I lived in Dallas, and I know Methodists there. It is absurd to think that it’s impossible to find a Methodist in Dallas who stands with tradition, which is, for the time being, the United Methodist Church’s official teaching. For heaven’s sake, you’ve got a major Methodist divinity school there in town. I’ve never been a religion reporter, but I know at least one professor there who would have given a defense of the church’s teaching — if the reporter from the News would have cared to have learned it. That’s the rub, though. If the reporter and her newspaper don’t believe the other side has a right to be heard, they won’t be heard, and the false impression is given that there is only one side to the story.
That brings me to the reason for this post. It turns out that we were wrong about the Morning News writing two one-sided stories on this issue. Perusing the newspaper's online religion page this morning, I found a third.
Let's call it the prequel, as it ran back in January:
The Rev. Bill McElvaney, retired pastor of the Northaven United Methodist Church, says he plans to conduct same-sex weddings, risking censure from his Protestant church.
Two United Methodist pastors — one in Pennsylvania and one in New York — have been formally charged under church law with presiding over the same-sex weddings. One was defrocked after he led his son’s wedding.
The United Methodist Church considers the practice of homosexuality “incompatible with Christian teaching.” Controversy on the issue is sweeping through U.S. churches.

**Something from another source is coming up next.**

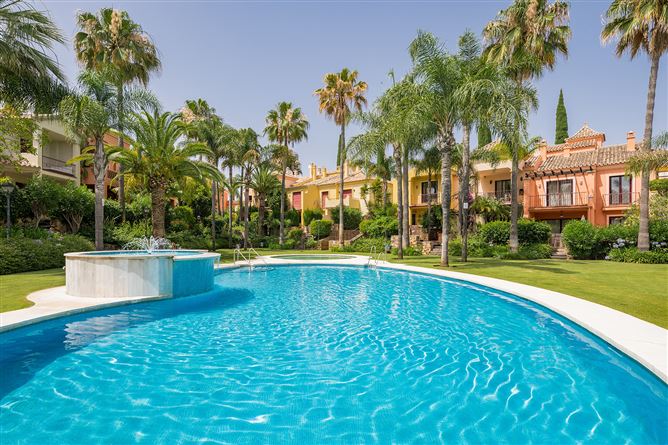 Photo 1 of 14 — Marbella, Marbella Golden Mile, Jardines de las Lomas, Spain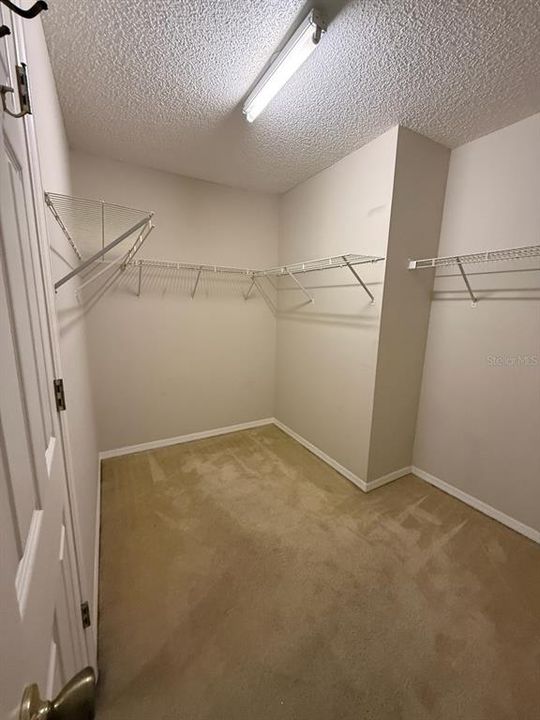 For Rent: $2,800 (3 beds, 2 baths, 2093 Square Feet)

Unlike the first two stories cited, the first one didn't include a "no comment" from the bishop. In fact, it contained no attempt at all to reach anyone to speak on behalf of the church position. It did, however, clear up an earlier question I raised concerning the Northaven senior pastor's position:
The Rev. Eric Folkerth, Northaven’s senior pastor, made clear his support of the pastor emeritus, who also was an instructor at the Perkins School of Theology at Southern Methodist University. “Same-sex marriage is a pastoral necessity of this congregation right now. Not in some future theoretical era,” Folkerth said this week in his personal blog (wheneftalks.com).
So we're left — still — with explaining to a Pulitzer-winning newspaper how it might practice balanced journalism and treat all sides of a divisive issue such as this fairly.
Fortunately, I also came across the United Methodist News Service's coverage of this same story. Here's how UNMS — whose writer, Sam Hodges, was the Morning News' last full-time religion writer, if I am not mistaken — handled the bishop not talking:
Bishop Michael McKee of the North Texas Annual (regional) Conference has not commented publicly on McElvaney’s plan to do the March 1 service.
The Rev. Mike Walker, a retired United Methodist ordained elder in Dallas and board member of Good News, an unofficial caucus within the denomination that supports the church’s teaching and positions on homosexuality, did voice objection.
“I’m deeply saddened that a fellow colleague in ministry for all these years in the North Texas Conference has decided to plan an act seemingly in defiance of church law on a very controversial and divisive issue, and on an issue which the church has settled through a long series of decision-making processes,” he said.
Walker added, “I’m sure that Bill sees this as an act of justice or perhaps pastoral care, but I see this as an issue of covenant-keeping and an issue of the meaning of marriage and the boundaries for proper sexual behavior.”